Matrix interrogative

Do cats sleep?

< h1, e2:SEMSORT:TENSE:ASPECT:MOOD,
{ h3:_cat_n_rel(x4:SEMSORT:BOOL:THIRD:PL),
  h5:indef_q_rel(x4,h7,h6),
  h8:_sleep_v_rel(e2,x4),
  h1:question_m_rel(h9),
  h9:proposition_m_rel(h10)},
{h6 qeq h3,
 h10 qeq h8 }>

The main difference between this and the matrix declarative given last week is addition of the question_m_rel. The local top handle is now the label of the question_m_rel, which takes the proposition_m_rel's handle directly as its sole argument. The argument of the proposition_m_rel is still related via qeq to the label of the _sleep_v_rel.

Embedded interrogative (with matrix declarative)

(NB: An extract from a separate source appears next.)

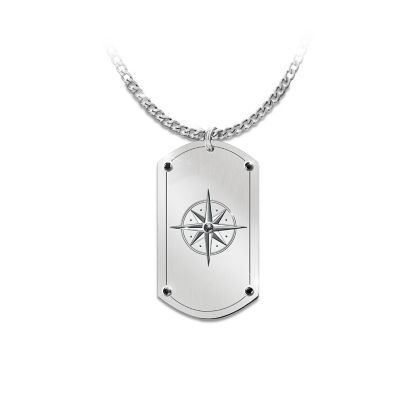Buy Dog Tag Pendant Necklace For Son: Forge Your Path, My Son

Cats know whether dogs sleep.

< h1, e2:SEMSORT:TENSE:ASPECT:MOOD,
{ h3:_cat_n_rel(x4:SEMSORT:BOOL:THIRD:PL),
  h5:indef_q_rel(x4,h7,h6),
  h8:_know_v_rel(e2,x4,h9),
  h11:_dog_n_rel(x12:SEMSORT:BOOL:THIRD:PL),
  h13:indef_q_rel(x12,h15,h14),
  h16:_sleep_v_rel(e17:SEMSORT:TENSE:ASPECT:MOOD,x12),
  h9:question_m_rel(h10),
  h10:proposition_m_rel(h18),
  h1:proposition_m_rel(h19)},
{h6 qeq h3,
 h14 qeq h11,
 h18 qeq h16,
 h19 qeq h8  }>

This one is just like the embedded declarative from last week, except there is a question_m_rel in addition to the proposition_m_rel for the embedded clause. Note that _know_v_rel takes the handle of the embedded question_m_rel as its argument directly (no qeq) and the embedded question_m_rel takes the embedded proposition_m_rel as its argument directly (again, no qeq). The next link in the chain (between the argument of the embedded proposition_m_rel and the _sleep_v_rel) does have a qeq.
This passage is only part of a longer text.